The whole album is a bit all too much of the same sort of thing, but if you're planning any romantic encounters in the vicinity of your stereo this year, then "Closer" and "Lake" should help you along no end. Don't say I don't give you all the best tips.

* Unless you're reading the unutterably pretentious Stylus Magazine, which prefers to make unfavourable comparisons with Bjork (whose stupid squeaky pixie voice I detest) and Joanna Newsom (ditto). Mind you, it's probably quite difficult to hear properly when you're that far up your own arse.

Friday, January 27, 2006


As I may have mentioned before, I have an unseemly fondness for geeks. By this I really mean anyone who has a boundless and unselfconscious enthusiasm for arcane subjects, but because of the industry I work in, that mainly translates to Silicon Valley-style software developers.

So I was obviously very excited last night to attend a seminar in a swanky Central London hotel, where a renowned uber-geek had been laid on to address a crowd of techies about the latest efforts to standardise the development of service-oriented architectures.

Much of the evening was dedicated to pondering a long-standing problem that IT types have, which is that no one ever understands what they're going on about.
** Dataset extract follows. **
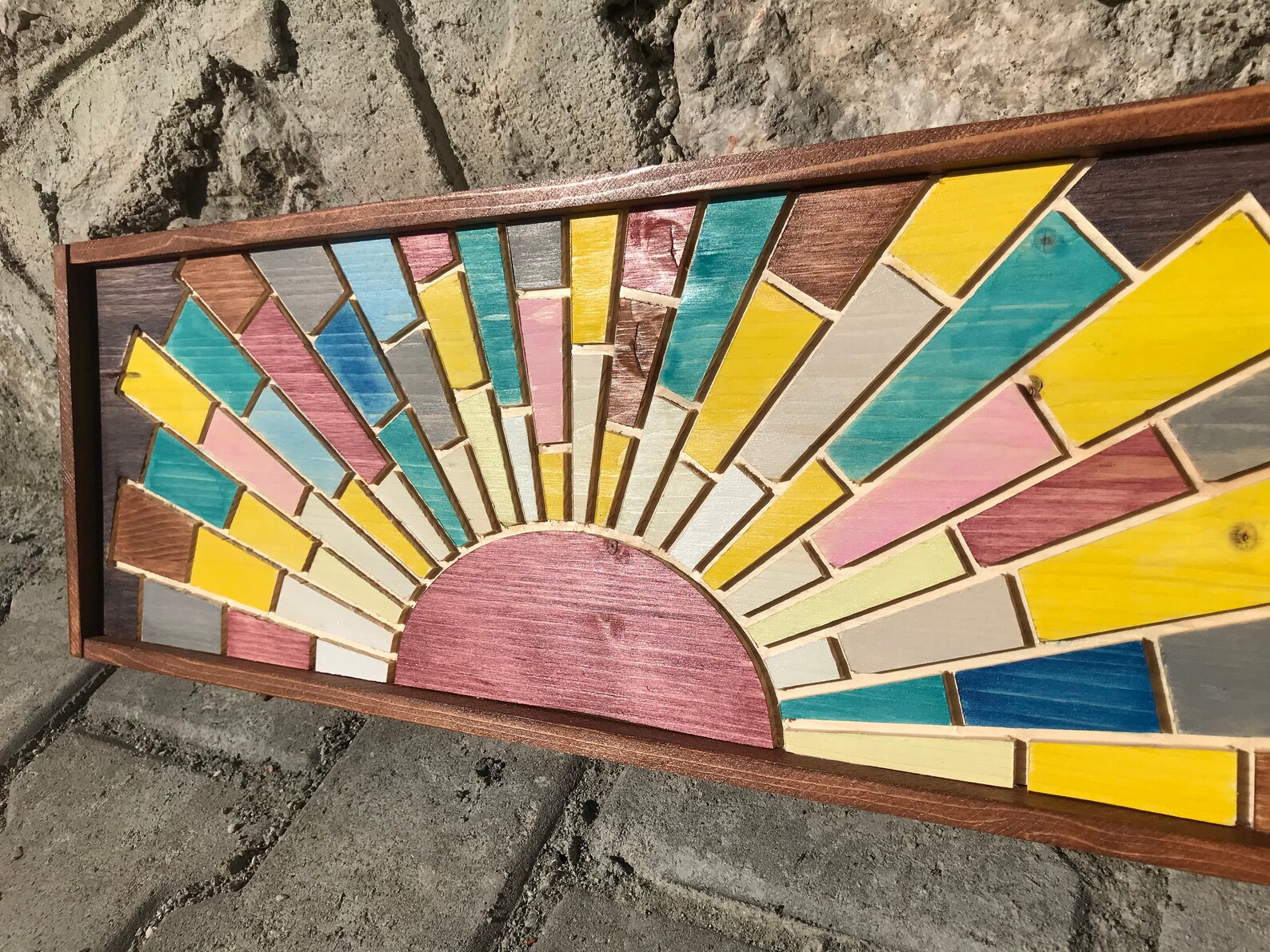 Sunburst Wood Wall Art Sunrise Wooden Wall Hanging Panoramic Etsy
This resulted in the following lovely bit of monologue:

Uber-geek: If we can just find a way to talk to business users on their level, all our problems will be solved.

Audience: Hear hear!

Uber-geek: They'll soon realise that this new service-oriented architecture will be the saviour of modern business.

Audience: Oh yeah!

Uber-geek: We just need a simple way of explaining what we do, then they'll be queuing up to buy it.
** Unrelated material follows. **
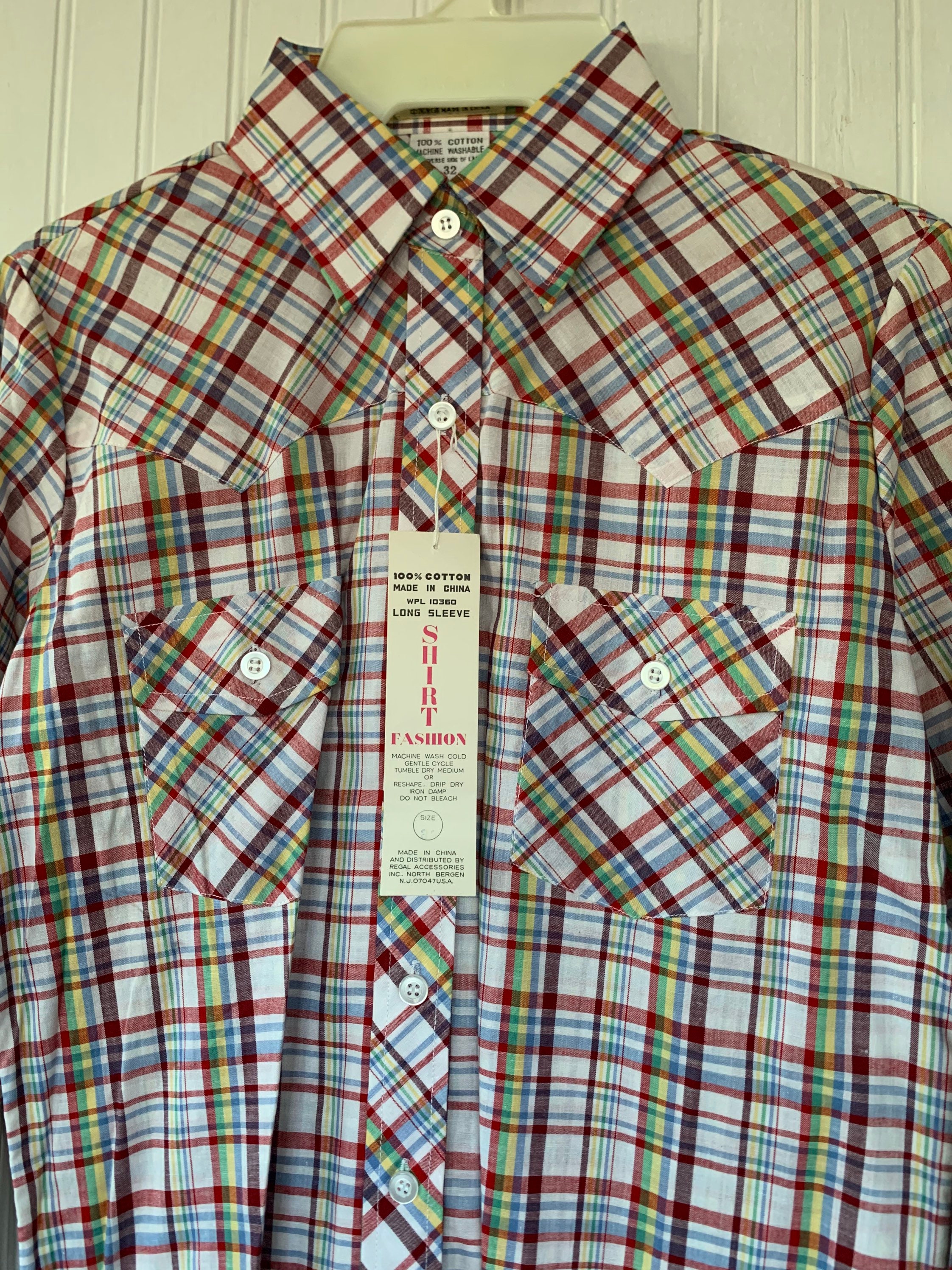 NWT 80s Deadstock Vintage Plaid Long Sleeve Shirt 32 Small XS Colors ...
Audience: Tell us what to do, o wise one!

Uber-geek: Well, we could start with WSDL. It does provide a completely mathematically robust system for describing services and interaction. But of course there are elements of the SOA system that escape mathematical description, because it's cybernetic.
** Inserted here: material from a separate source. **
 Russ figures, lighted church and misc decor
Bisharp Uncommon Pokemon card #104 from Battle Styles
Like I said, I love geeks.

INSTANT UPDATE: So long then, chaps, I'm off to the Isle of Wight for a spot of birdwatching. With champagne. Apparently.

Tuesday, January 24, 2006

It's All Gone A Bit Geoff Dyer...

...or it will do if I don't make this very short.

Anyway, it's 1993. I'm walking across the car park of Royal Holloway and Bedford New College in Egham, Surrey, with my boyfriend of the time. It's early evening, autumn time. He's carrying something, probably white camouflage netting. None of this is particularly interesting. The important thing is that as we're walking across the car park, I tell him that I'm happier than I've ever been.

The odd thing is that I don't have any memories of ever saying this at any other point in my life, even though I *must* have, surely. It's such an unremarkable occasion on which to have come out with it, walking across a car park. And if you asked me to look back on my life* and point out a time when I was truly happy, my first choice probably wouldn't be the autumn of 1993. But I remember saying it, so I know that I was.

Which is why I want to say now very quickly, because I tend to avoid sentimental stuff if at all possible, that right now, January 2006, I'm probably happier than I've ever been. There isn't anyone around to tell this to, so I'll just note it down here, and then in thirteen years' time, I'll remember (or - hey - read it in my archive), and know that I was.

Ahem. As you were.

* My life to date, I mean. Christ, I make it sound like I'm on my deathbed. I'm not. Why, quite a lot of my hair is still its natural colour. Not that I can actually really remember now what that was. I'll stop now, I'm not making it any better.

Saturday, January 21, 2006


The trouble with being very short is that in quite subtle but still quite important ways you remain a child for the whole of your adult life.

This week there's been a lot of top chat on Wyndham's blog about Neal Stephenson, with particular reference to Cryptonomicon, with particular reference to how Neal Stephenson is like Thomas Pynchon for dummies, which resulted in my rashly promising the assembled crowd that I would attempt to read Gravity's Rainbow again.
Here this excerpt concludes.